Polizei und Ordnungsämter haben verstärkte Kontrollen angekündigt. Der Landkreis Bautzen hat ein Amtshilfeersuchen bei der Polizei gestellt. „Wir wollen nicht in erster Linie bestrafen, sondern wir wollen auf die Einhaltung der Regeln hinweisen“, sagte uns  Landrat Michael Harig. Er wandte sich erneut mit einer Videobotschaft an die Einwohner (Link: Video: youtu.be/NpOa58agE8I)

Die verschärften Regeln gelten in Regionen mit einem Sieben-Tage-Wert von mehr als 200 Corona-Neuinfektionen bezogen auf 100.000 Einwohner. Dieser Wert ist derzeit in den beiden Landkreisen Görlitz und Bautzen etwa doppelt so hoch. 

Was ist ab 1. Dezember zu beachten?

Kontaktbeschränkungen
Treffen sind  von höchstens fünf Menschen, in zwei Hausständen in der Öffentlichkeit und Zuhause erlaubt. Kinder bis 14 Jahren werden hier nicht mitgerechnet. Eine Ausnahme gilt an Weihnachten: Ab 23. Dezember dürfen sich maximal zehn Menschen – gerechnet ohne Kinder unter 14 Jahren – unabhängig von der Zahl der Hausstände treffen.

Alkohol

Der Konsum von Alkohol in der Öffentlichkeit ist untersagt. Das gleiche gilt für die Abgabe von Alkohol auf öffentlichen Plätzen, gemeint sind hier vor allem Fußgängerzonen, Parkplätze, Parkanlagen, Spiel- und Sportplätze.
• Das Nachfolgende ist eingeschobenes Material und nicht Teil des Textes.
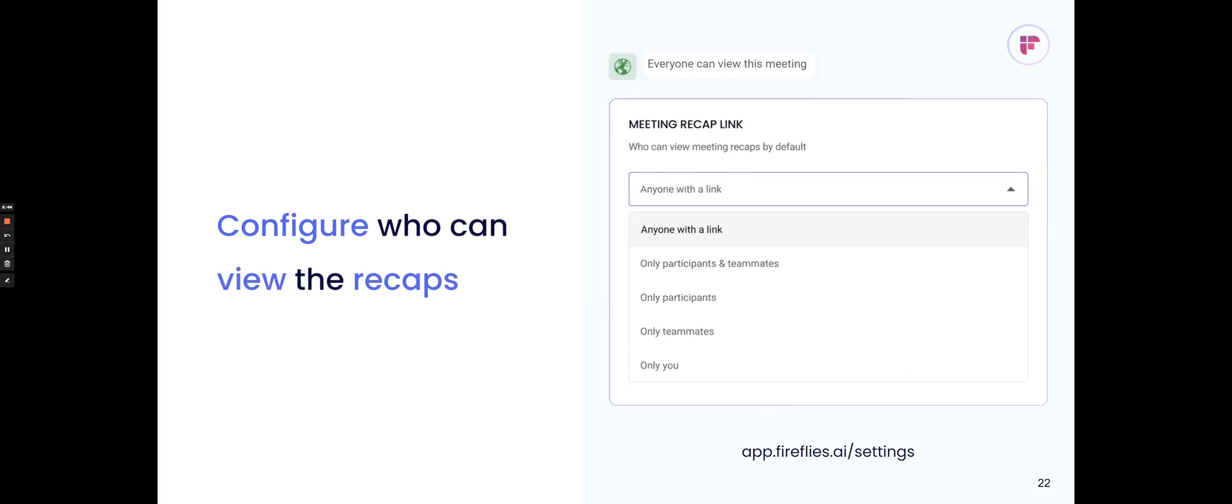And let's say you share the URL, but you also want to configure who actually has access to the URL when they click on it. You can go to the individual meeting, and then there'll be a globe icon. You can change that and select if you want anyone with the link to share it or you only want your participants to see it or your teammates to see it or only you, and you want to make the meeting private. You can also change the default settings of the recaps in the settings page where you can configure it so that the default settings is only teammates or only you. This will just give you more optionality and control over who can actually view the URL when it's clicked on.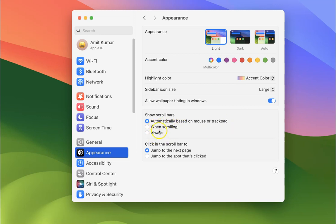We have to select Always. To select it, just click on it. You can see it's now selected.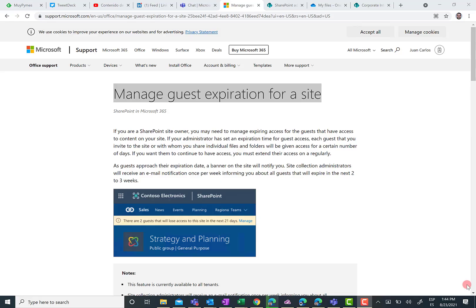Hello there, this is Juan Carlos González, an Office Apps and Services MVP. First of all, I hope all of you are okay, and now I'm going to introduce today's video topic. In today's video, I'm going to talk about how we can manage guest expiration for a certain site or OneDrive for Business.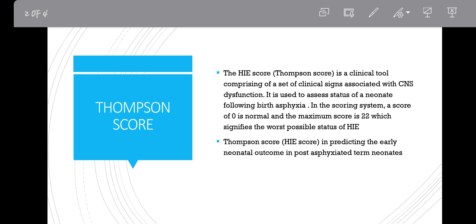In this scoring system, a score of 0 is normal and the maximum score is 22, which signifies the worst possible status of hypoxic ischemic encephalopathy. We use the Thompson score in predicting the early neonatal outcome in post-asphyxiated term neonates — neonates that have undergone birth asphyxia — to predict their possible neonatal outcome.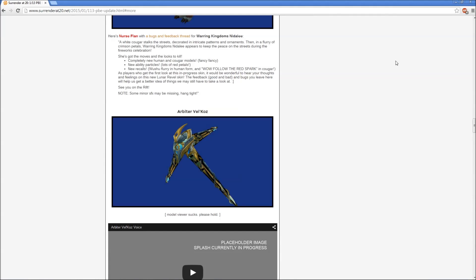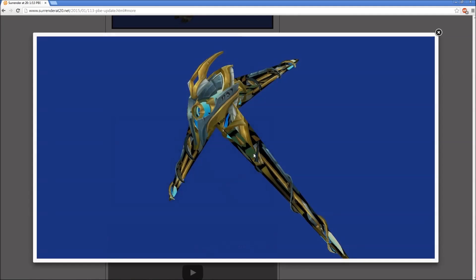Hello gamers of the game report and again as promised another video. This video is going to also have an RP contest at the end of the video. Arbiter Velkoz, this skin model is retarded but of course we can get something from this.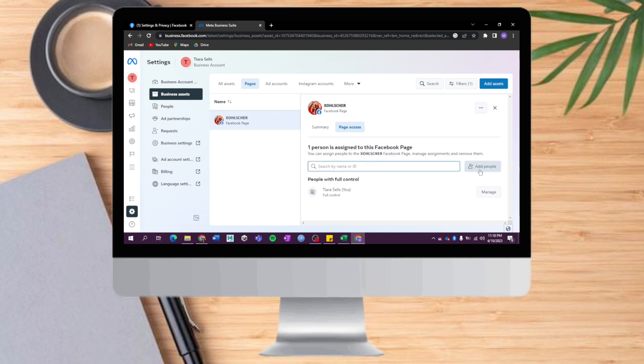That's it, that's the whole process. Hopefully this video will help you add admins to your Facebook account. If you have questions or comments, kindly put them in the comment section below, and don't forget to subscribe and like.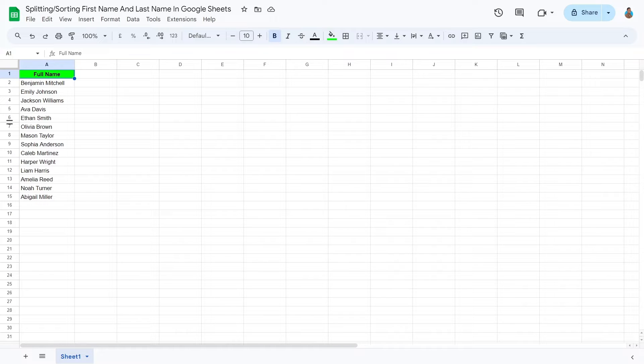Welcome to this tutorial. Today, we're splitting and sorting by first names and last names using filters in Google Sheets.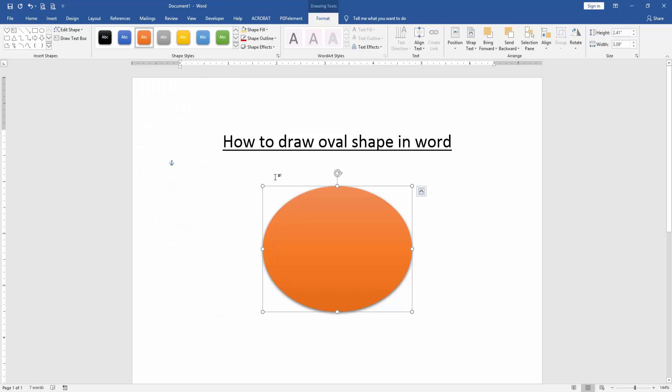Otherwise, you apply Shape Fill or Shape Outline. Another effect.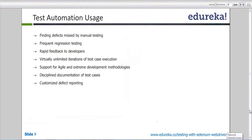When it comes to agile, extreme development methodologies and agile development — there is a case where your development team is doing some development and at the same time you have to test the application. So if your test scripts are up and running, you don't have to retest everything, because once your test scripts are ready, you can put it on execution and it will execute.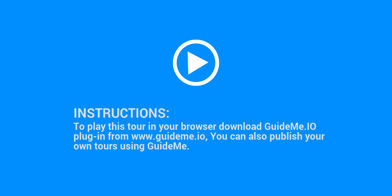Instructions: To play this tour in your browser download GuideMe.io plugin from www.guideme.io. You can also publish your own tours using GuideMe.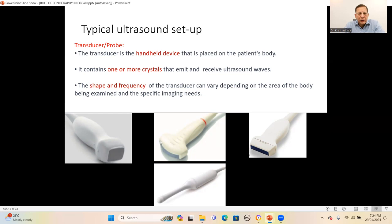The curved linear probe has a somewhat curved surface and is used for abdominal imaging, fetal imaging, and gynecological imaging. The high-frequency linear probe is used mainly for vascular studies. The intra-cavitary probe is used for transvaginal scanning and transrectal scanning.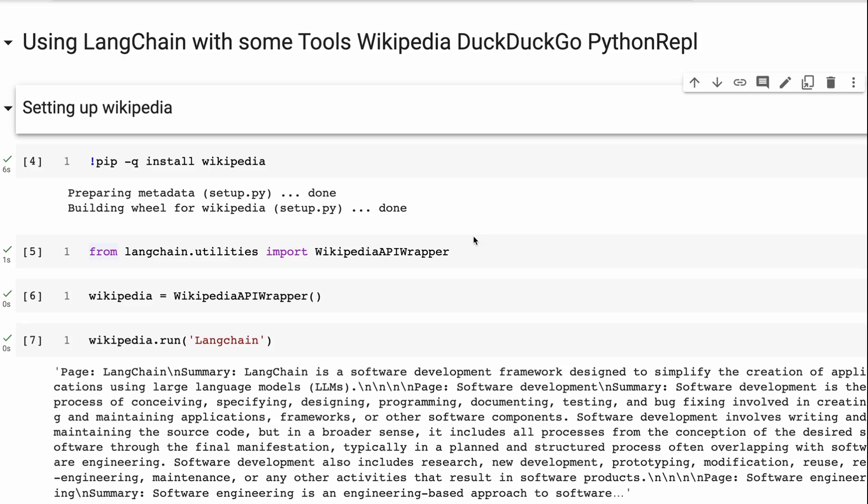Okay, in this video, we're going to look at some of the new tools that have come out recently and using them with LangChain. Specifically, I'm going to look at three tools. The first one being Wikipedia, second one being DuckDuckGo.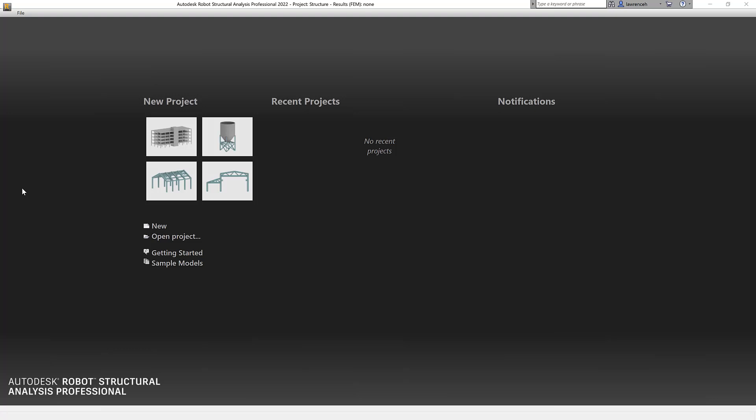Hi everyone, welcome to this quick video where we're going to take a look at Autodesk Robot Structural Analysis Professional 2022 and Dynamo.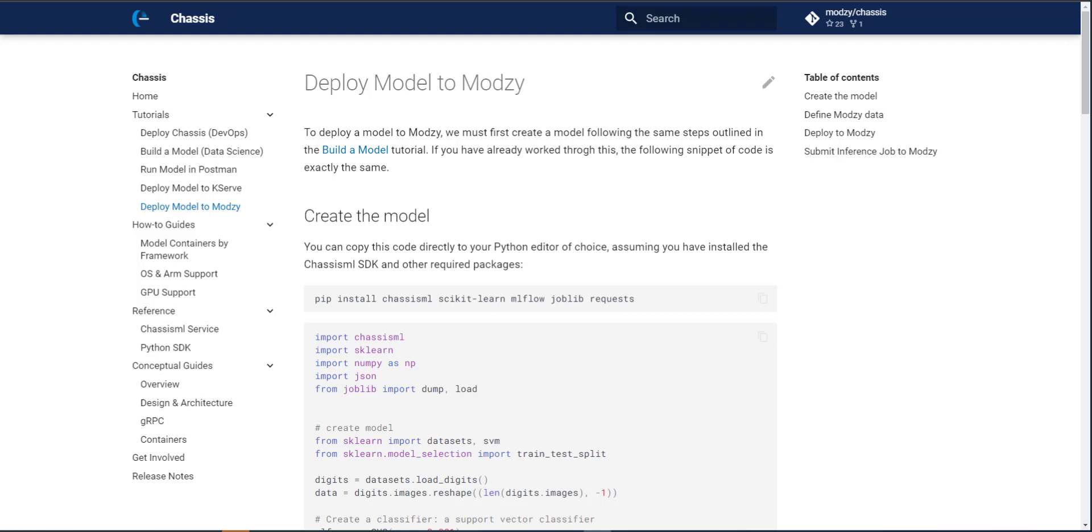Hi, welcome to this ChassisML tutorial video, where I'm going to walk through the process of taking a container image built using the Chassis service and deploy it to Modsy, which is a model ops platform focused on the rapid deployment and production inference for machine learning models.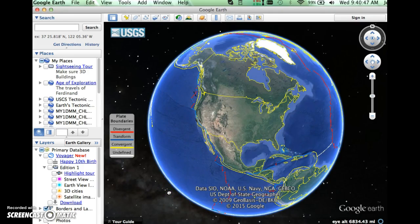Hello, in this screencast I'm going to talk about some of the features of Google Earth that will help you complete your assignments. One thing I want to point out is that Google Earth does constantly update as they get their programmers to make new changes. Things move around, so this video may not look exactly like what you're seeing in your version. If that's the case, look closely — you can always contact me for additional help.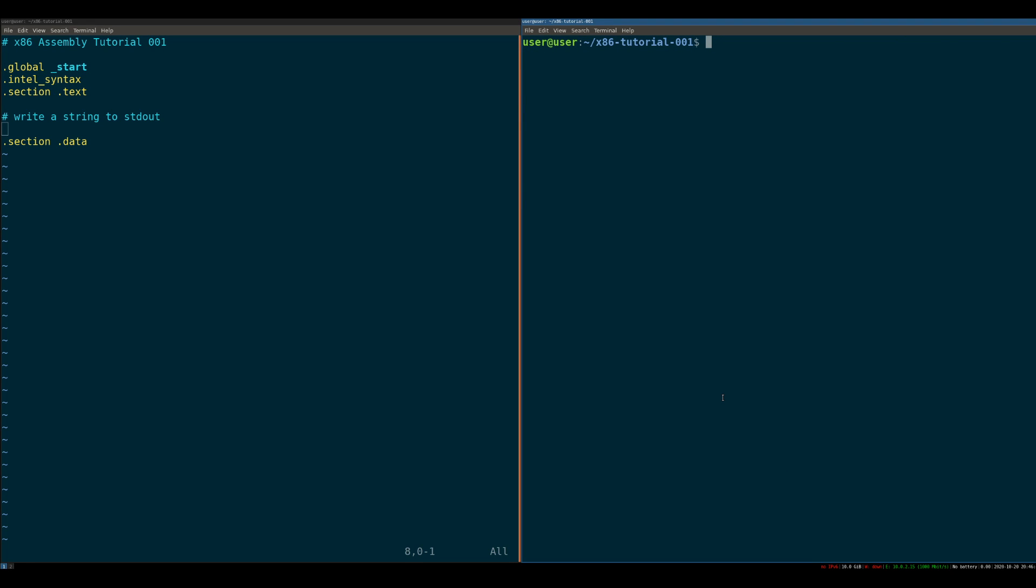Hey there YouTube, welcome back to another low-level learning video. By the end of this video today, you should be able to write a Hello World program that outputs Hello World to the screen in purely x86 assembly. So let's dive right in.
Ausgangsbeschränkungen (gilt für die Landkreise Görlitz und Bautzen)

Bewohner dürfen Wohnung, Haus und Grundstück verlassen...
- für den Weg zur Arbeit, Schule, Kita, zu Behörden, Rechtsanwälten, Steuerberatern, Notaren, zu Kirchen, Ärzten, Beerdigungen (max. 25 Menschen), Trauungen (max. 25 Menschen), zu Fortbildungsstätten für Beruf, Schule, Studium, zum Einkauf im eigenen Landkreis oder den Nachbarlandkreisen (für Einwohner des Kreises Bautzen - auch die Stadt Dresden), Besuche bei Kranken, Behinderten, zur Wahrnehmung von Sorge- und Umgangsrecht, der Besuch eines weiteren Hausstandes bis maximal fünf Menschen  insgesamt (ohne Berücksichtigung von Kindern bis 14 Jahren). Auch der Besuch des eigenen Kleingartens und die Versorgung von Tieren zählen als triftiger Grund.

Möglich sind Sport und Bewegung (max. 1 Hausstand) innerhalb eines Radius von 15 Kilometern um die eigene Wohnung.

Demonstrationen werden auf 200 Teilnehmer an einem festen Ort beschränkt.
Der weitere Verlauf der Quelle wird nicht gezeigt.